*Exercise*: Word for word, copy the line containing "Aerial view of" and every line after it in the records below, leaving pictures out.

*Task inputs*:
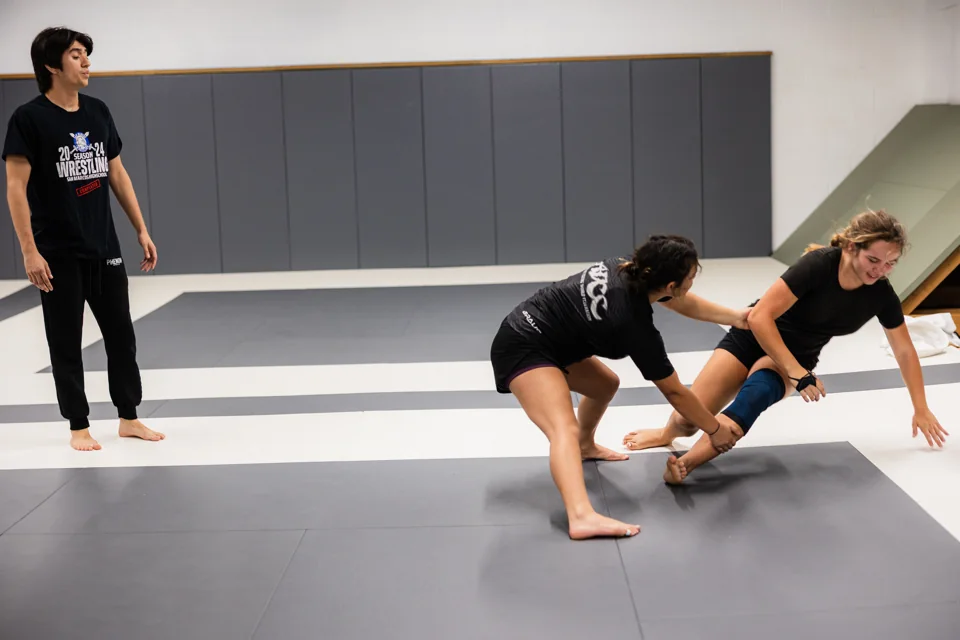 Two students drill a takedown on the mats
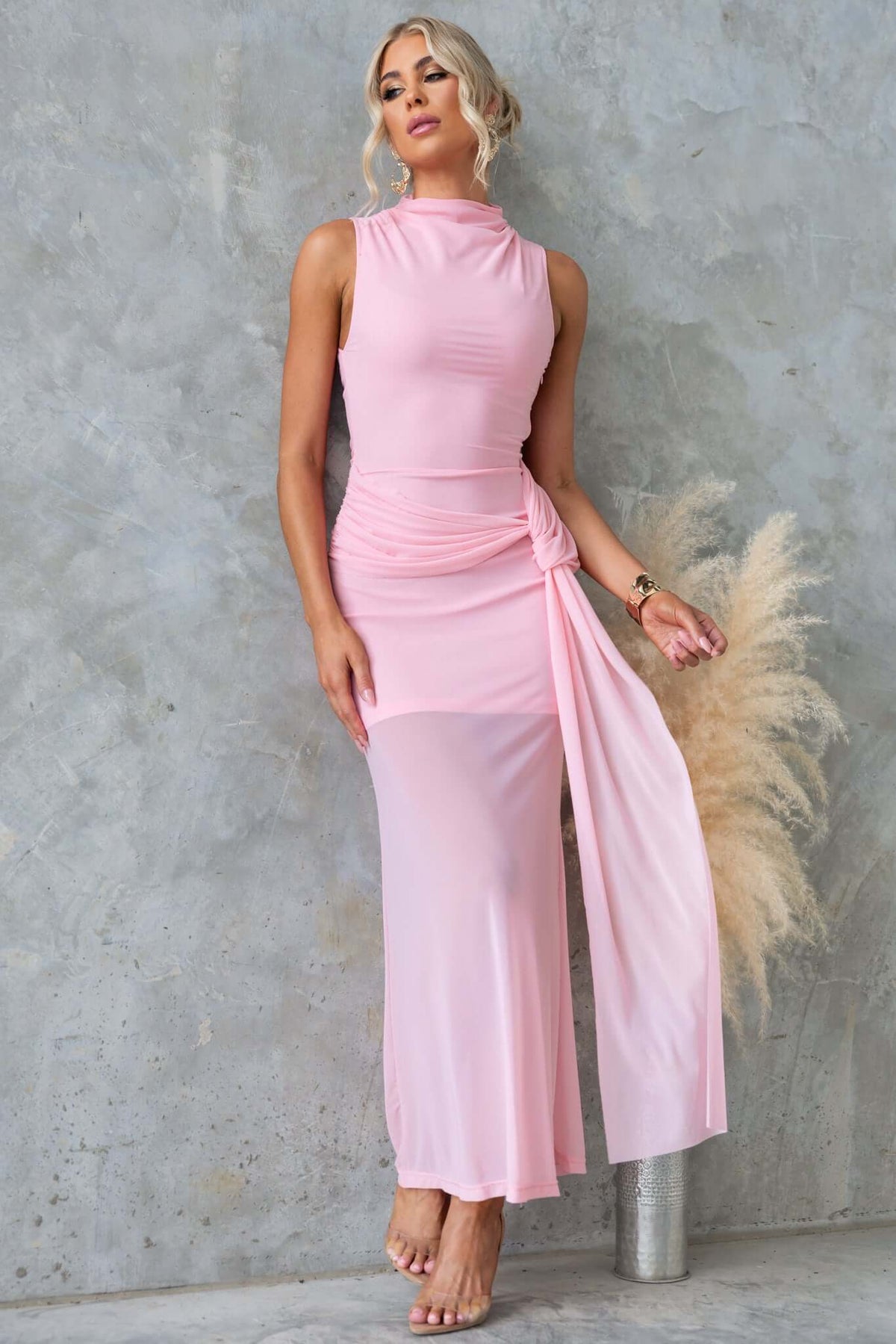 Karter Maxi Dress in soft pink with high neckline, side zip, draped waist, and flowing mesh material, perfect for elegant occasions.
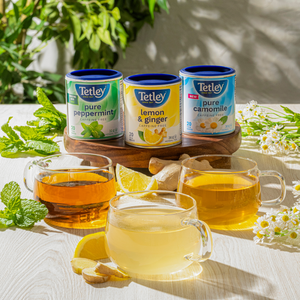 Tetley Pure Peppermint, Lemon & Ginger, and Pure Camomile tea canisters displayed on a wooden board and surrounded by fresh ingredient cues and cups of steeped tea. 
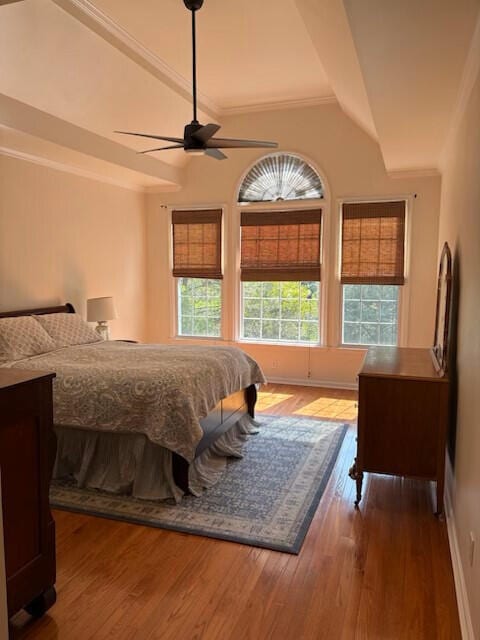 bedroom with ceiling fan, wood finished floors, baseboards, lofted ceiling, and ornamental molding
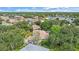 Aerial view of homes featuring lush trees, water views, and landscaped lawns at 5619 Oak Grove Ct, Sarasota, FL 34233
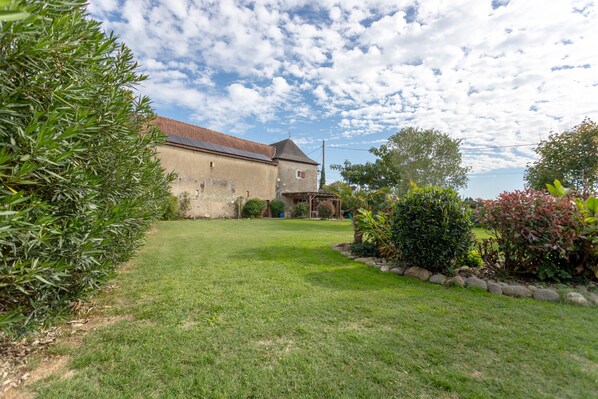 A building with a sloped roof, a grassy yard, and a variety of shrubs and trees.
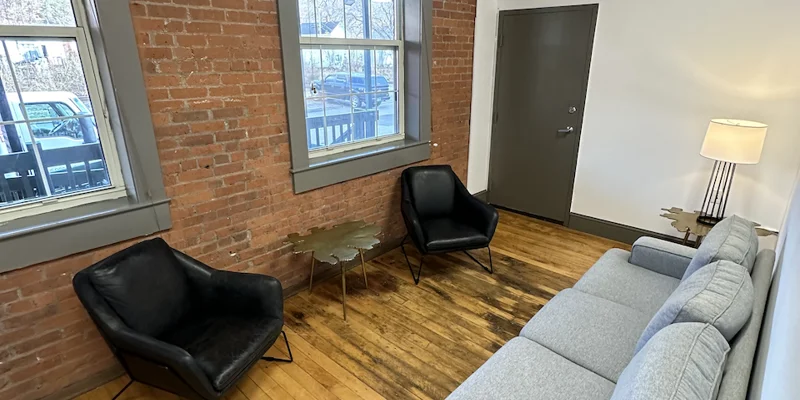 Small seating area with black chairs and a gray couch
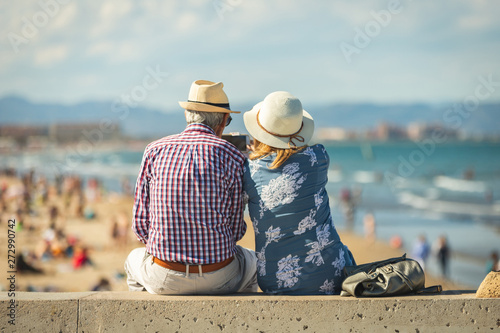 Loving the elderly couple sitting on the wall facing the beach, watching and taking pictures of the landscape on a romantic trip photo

*Answer box*:
 Aerial view of homes featuring lush trees, water views, and landscaped lawns at 5619 Oak Grove Ct, Sarasota, FL 34233
 A building with a sloped roof, a grassy yard, and a variety of shrubs and trees.
 Small seating area with black chairs and a gray couch
 Loving the elderly couple sitting on the wall facing the beach, watching and taking pictures of the landscape on a romantic trip photo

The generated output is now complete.